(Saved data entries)
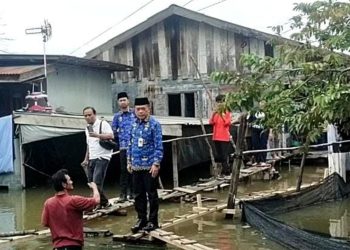 Banjir Meluas di Jambi, Al Haris Ingatkan Warga untuk Mengungsi Jika Diperlukan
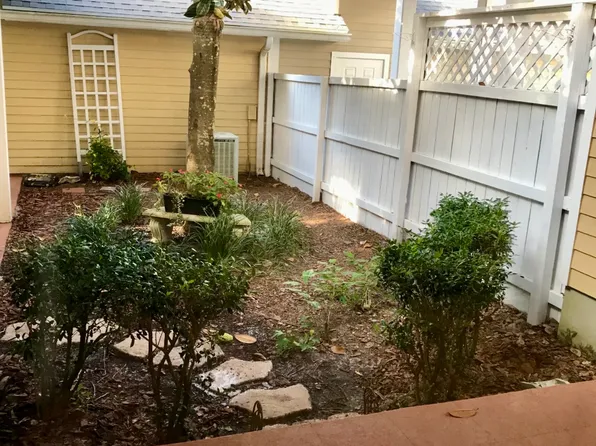 9167 SW 48th Pl, Gainesville, FL 32608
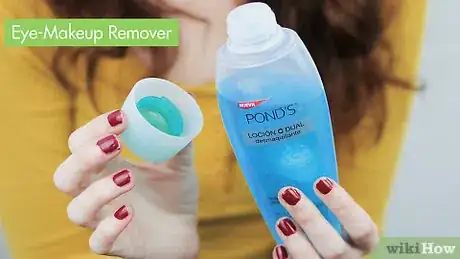 Imagen titulada Remove Mascara Step 5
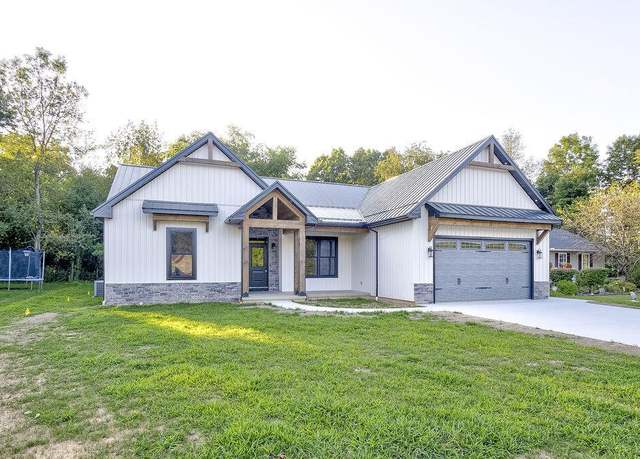 Property at 2599 Apple Valley Dr, Howard, OH 43028, 3 beds, 2 baths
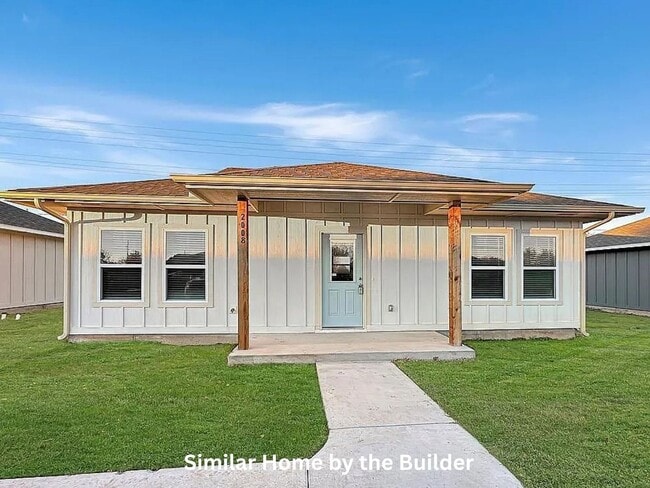 property at 1315 S Sheppard St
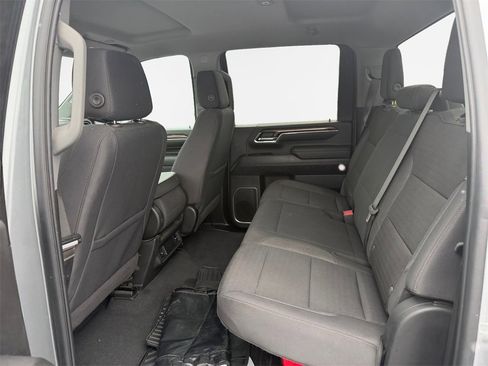 Used 2024 Chevrolet Silverado 2500 LT image 24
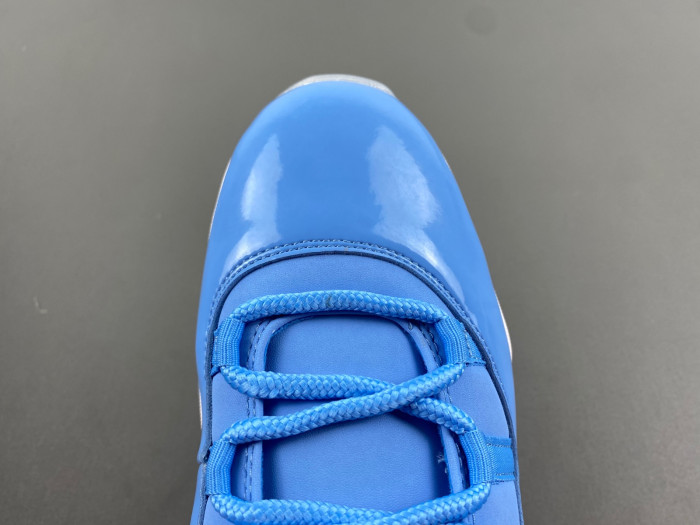 Air Jordan “Ultimate Gift of Flight” Pack 717602-900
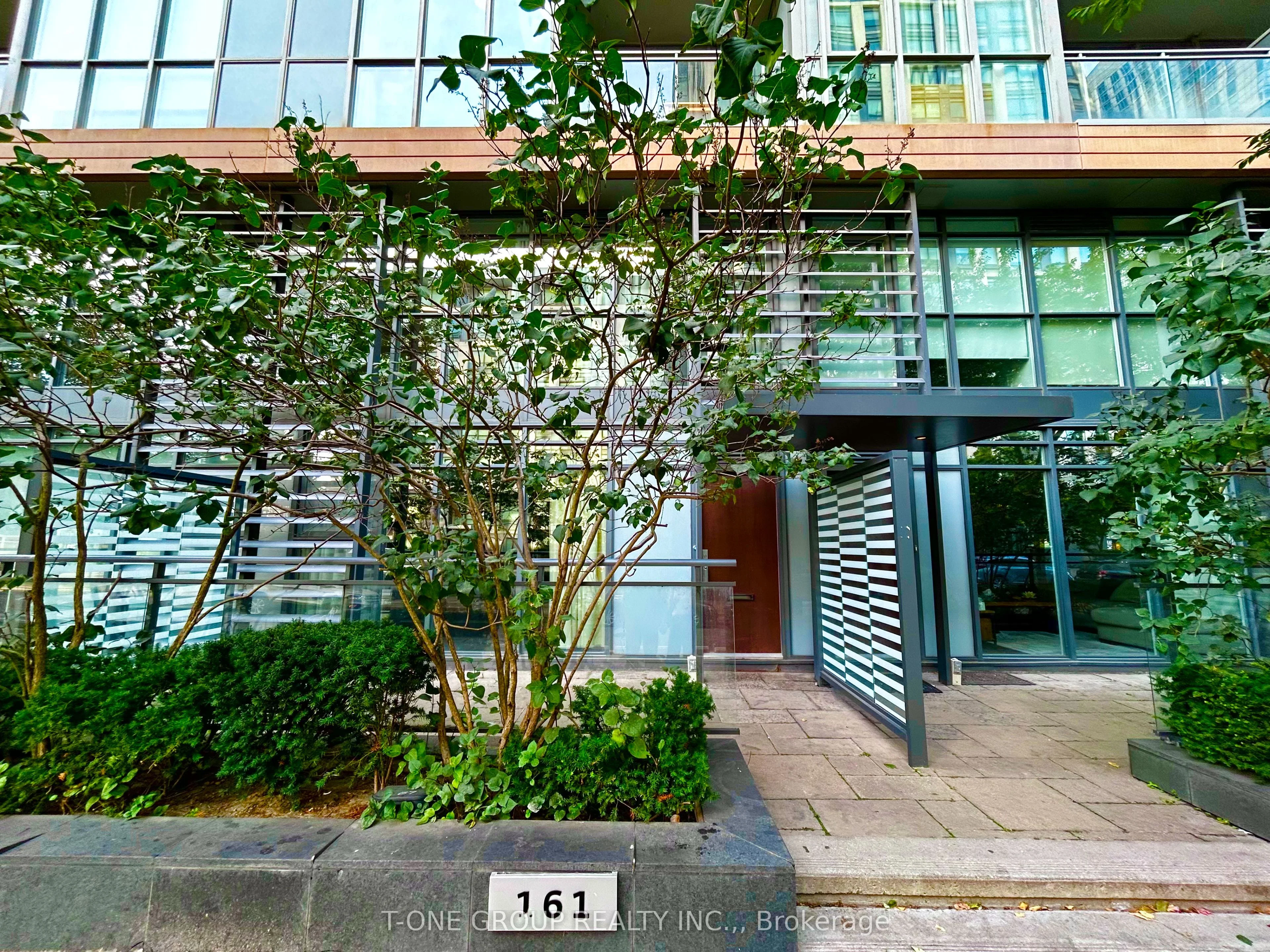Condo Townhouse in Toronto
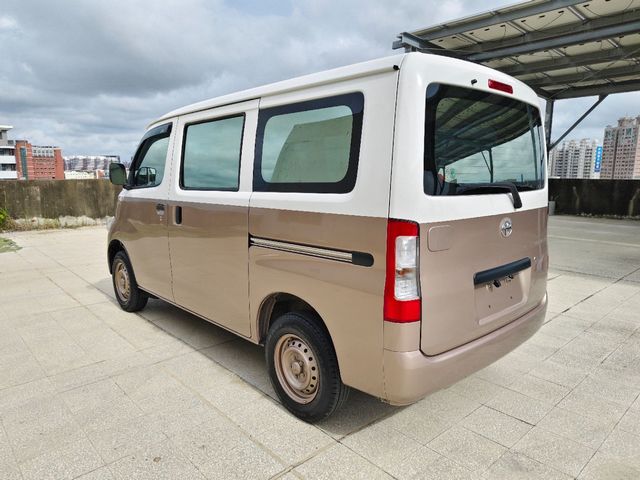 TOWN ACE VAN 5人  第5張相片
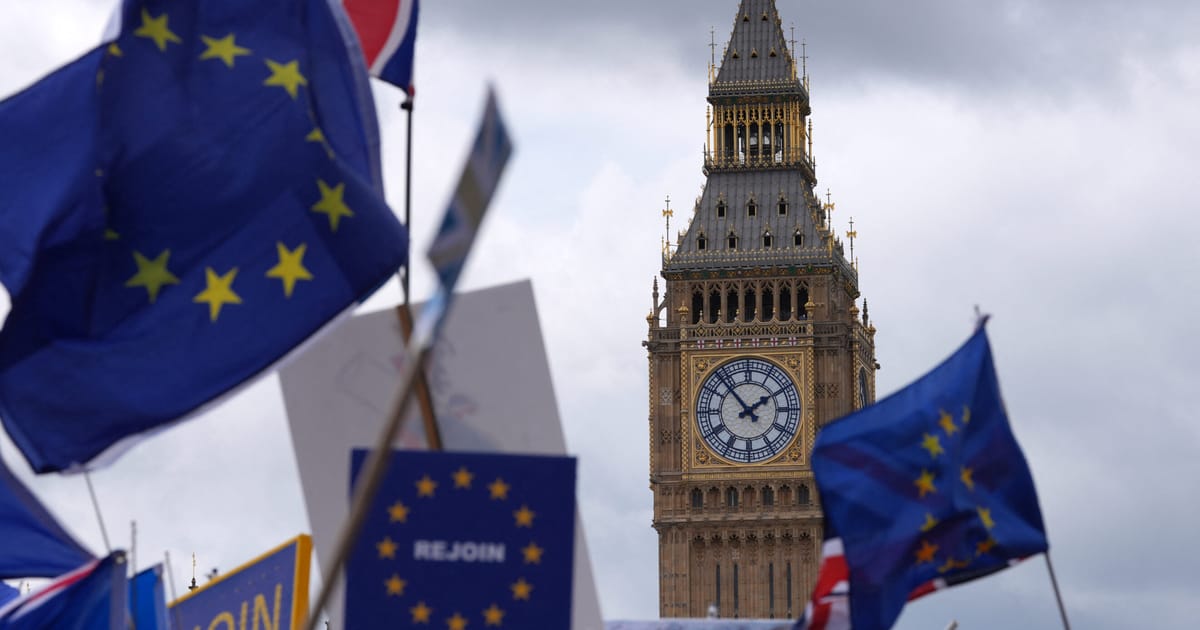 Une majorité d'électeurs britanniques soutient des liens plus étroits avec l'UE, y compris les partisans de Farage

## What this task involves
Hand back the data exactly as it appears, with all pictures cut.

## Answer for the task
 Banjir Meluas di Jambi, Al Haris Ingatkan Warga untuk Mengungsi Jika Diperlukan
 9167 SW 48th Pl, Gainesville, FL 32608
 Imagen titulada Remove Mascara Step 5
 Property at 2599 Apple Valley Dr, Howard, OH 43028, 3 beds, 2 baths
 property at 1315 S Sheppard St
 Used 2024 Chevrolet Silverado 2500 LT image 24
 Air Jordan “Ultimate Gift of Flight” Pack 717602-900
Condo Townhouse in Toronto
 TOWN ACE VAN 5人  第5張相片
 Une majorité d'électeurs britanniques soutient des liens plus étroits avec l'UE, y compris les partisans de Farage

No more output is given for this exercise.